競争性と包摂性:自民党(Liberal Democratic Party)の総裁選と、日本の自由民主主義(liberal democracy)

 自由民主主義(liberal democracy)の点から、与党の総裁選を見てみると、どういったことが見えてくるだろうか。

 与党である自由民主党の総裁の選挙では、候補者の政治家たちがお互いに争い合う。

 いっけんすると、お互いに候補者の政治家が競い合っているようだけど、ほんとうにがちで競い合いがなされるのだとはできそうにない。

 政治家としての中身だけで、がちで候補者の政治家どうしが競い合ったら良さそうだ。中身だけで勝負し合って、それで勝ち上がった人は、政治家としての中身がいちばんあることになる。

 じっさいの自民党の総裁選は、中身がない政治家であったとしても、勝つことができる。中身だけによっては勝ち負けが決まらない。たとえ中身がなかったとしても、都合がよい政治家だったら勝てる。(頭の)中身が空っぽなほうがむしろ勝ちやすいのである。へたに中身があるとその政治家は負けてしまう。

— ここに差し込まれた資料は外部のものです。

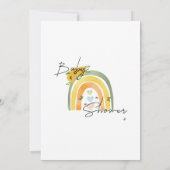 Boho Regenbogen mit Sonnenblumen Babydusche Einladung (Rückseite)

 報道では、もっぱら自民党の総裁選に多く目が向けられている。自民党の総裁選は盛り上がっているけど、野党である立憲民主党の政党の長をえらぶ選挙はあまりとり上げられない。

 政党の中でだけではなくて、政党どうしが競い合う。政党間競争(party competition)だ。日本の政治では、政党間競争が欠けている。

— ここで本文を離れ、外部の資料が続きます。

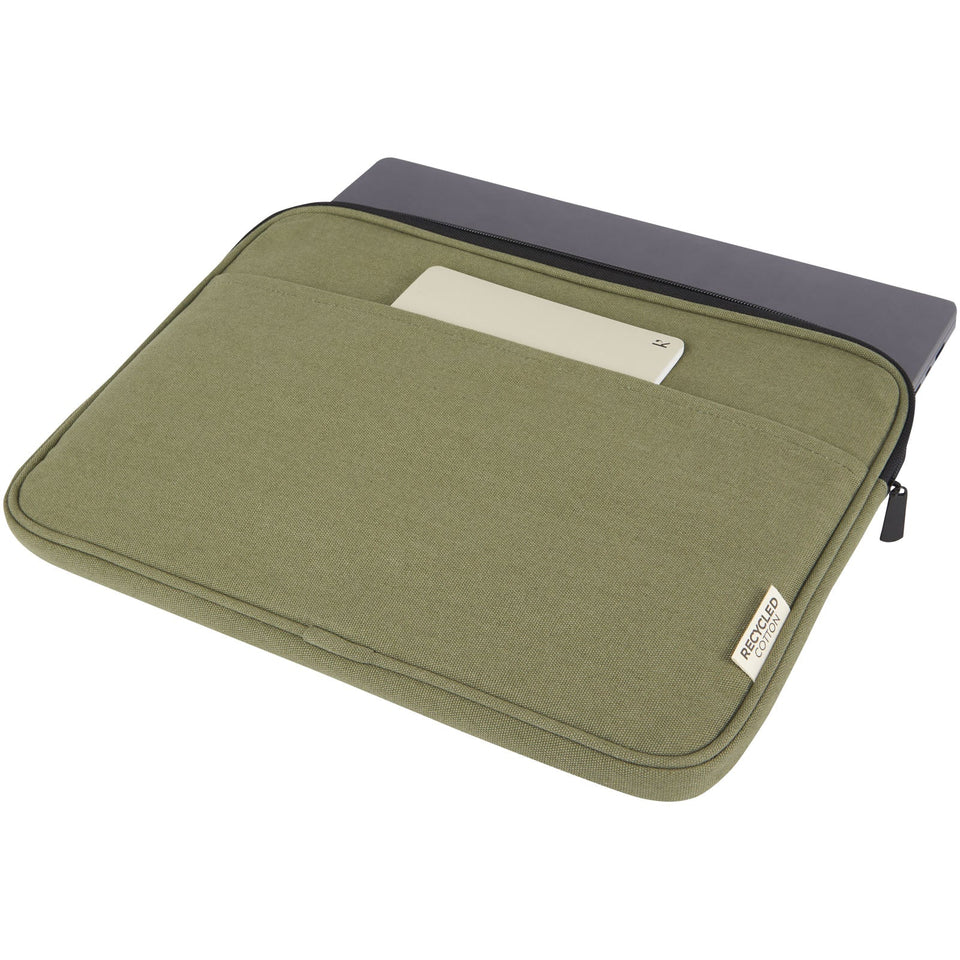 Custodia per portatile da 14" in canvas riciclato certificato GRS Joey - 2L personalizzato con logo - Pubblienne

 経済でいえば、少なくとも二つのお店がないとならないのが民主主義だ。二つのお店が互いに競い合う。日本の政治では、二つのお店があるのであるよりも、一つのお店しかない。自民党の一店しかないから、お店どうしの競い合いがはたらかない。

 お店でいえば、一店しかよしとされていなくて、もう一店が排除されてしまっている。もう一店が包摂されていない。もう一店である野党(opposition)が排除されてしまっているから、お店どうしの競い合いが働かず、お店の質が高まって行きづらいのである。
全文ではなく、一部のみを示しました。